╭──
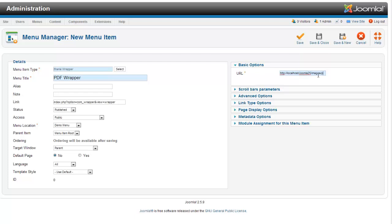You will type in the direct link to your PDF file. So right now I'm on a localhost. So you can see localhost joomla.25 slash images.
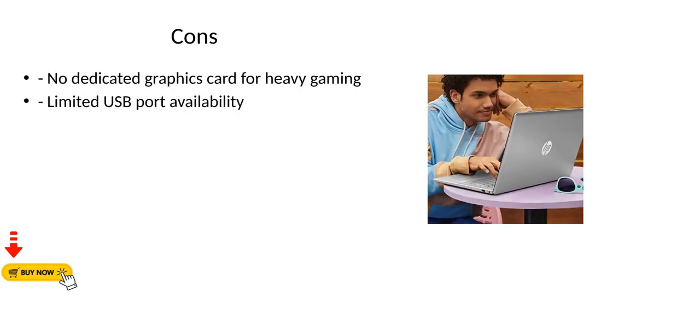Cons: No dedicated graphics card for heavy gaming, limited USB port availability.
╰──
╭──
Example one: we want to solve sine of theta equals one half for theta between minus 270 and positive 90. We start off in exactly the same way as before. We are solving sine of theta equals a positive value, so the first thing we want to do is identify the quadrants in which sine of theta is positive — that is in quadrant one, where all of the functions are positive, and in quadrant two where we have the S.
╰──
*Activity*. Exact repeat of the material above: every line from the one with "You will type" through the one with "Cons: No dedicated", endpoints included, and nothing more. No pictures.

*Reply to the task*.
You will type in the direct link to your PDF file. So right now I'm on a localhost. So you can see localhost joomla.25 slash images.
Cons: No dedicated graphics card for heavy gaming, limited USB port availability.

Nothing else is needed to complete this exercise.